> Task details
Every entry must appear in the output exactly as it does here.

Scraped caption text data:
****************
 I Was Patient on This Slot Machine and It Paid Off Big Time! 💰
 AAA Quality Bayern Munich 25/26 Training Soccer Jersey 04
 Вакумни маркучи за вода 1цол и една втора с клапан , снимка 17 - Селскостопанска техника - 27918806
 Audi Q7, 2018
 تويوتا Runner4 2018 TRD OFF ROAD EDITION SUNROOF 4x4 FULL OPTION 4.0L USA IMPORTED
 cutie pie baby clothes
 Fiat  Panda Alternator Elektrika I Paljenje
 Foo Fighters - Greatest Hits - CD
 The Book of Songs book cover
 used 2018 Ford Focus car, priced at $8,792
****************
> Answer below
 I Was Patient on This Slot Machine and It Paid Off Big Time! 💰
 AAA Quality Bayern Munich 25/26 Training Soccer Jersey 04
 Вакумни маркучи за вода 1цол и една втора с клапан , снимка 17 - Селскостопанска техника - 27918806
 Audi Q7, 2018
 تويوتا Runner4 2018 TRD OFF ROAD EDITION SUNROOF 4x4 FULL OPTION 4.0L USA IMPORTED
 cutie pie baby clothes
 Fiat  Panda Alternator Elektrika I Paljenje
 Foo Fighters - Greatest Hits - CD
 The Book of Songs book cover
 used 2018 Ford Focus car, priced at $8,792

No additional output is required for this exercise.